Of the 13 men killed in the shooting that began after the bulk of the 3,000 marchers had been peacefully dispersed, four were on the security forces wanted list. One man had four nail bombs in his pocket. All were between the ages of 16 and 40.
The shooting started with two high-velocity shots aimed at the troops manning the barriers. No one was hit and the fire was not returned. Four minutes later a further high-velocity shot was aimed at a battalion wire-cutting party. This shot also was not answered.
A few minutes later a member of the machine-gun platoon saw a man about to light a nail bomb. As the man prepared to throw, an order was given to shoot him. He fell and was dragged away.
Throughout the fighting that ensued, the Army fired only at identified targets - at attacking gunmen and bombers. At all times the soldiers obeyed their standing instructions to fire only in self-defence or in defence of others threatened.
The bulk of the marchers dispersed after reaching the barricades, on instructions from March Stewards. A hard core of hooligans remained behind and attacked three of the barriers. When the attacks reached an unacceptable level, the soldiers were ordered to pass through and arrest as many as possible. They were not, however, to conduct a running battle down the street.
As they went through the barriers the soldiers fired rubber bullets to clear the streets in front of them. They made 43 arrests.
The troops then came under indiscriminate firing from apartments and a car park. The following is the army's account of the return fire:

1. Nail-bomber hit in the thigh.
2. Petrol-bomber, apparently killed in the car park.
3. A bomber in the flats, apparently killed.
4. Gunman with pistol behind barricade, shot and hit.
5. Nail-bomber shot and hit.
6. Another nail-bomber shot and hit.
7. Rubber bullet fired at gunman handling pistol
8. Nail-bomber hit.
9. Three nail-bombers, all hit.
10. Two gunmen with pistols, one hit, one unhurt.
11. One sniper in a toilet window fired on and not hit.
12. Gunman with pistol in third floor flat shot and possibly hit.
13. Gunman with rifle on ground floor of flats shot and hit.
14. Gunman with rifle at barricade killed and body recovered."

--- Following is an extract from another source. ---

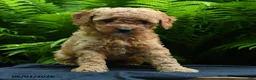 Yorkiepoo dogs for sale: Glitter - Ad 2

5.5 It was these official accounts of the victims which gave the gravest offence of all to their relatives and to the eyewitnesses who knew that they were not armed, and which continue to give offence to this day because they have never been fully and publicly repudiated.
5.6 Lord Widgery also caused deep offence by his conclusion 10:
None of the deceased or wounded is proved to have been shot whilst handling a firearm or bomb. Some are wholly acquitted of complicity in such action; but there is a strong suspicion that some others had been firing weapons or handling bombs in the course of the afternoon and that yet others had been closely supporting them."
Below we examine the case of each of the deceased in turn.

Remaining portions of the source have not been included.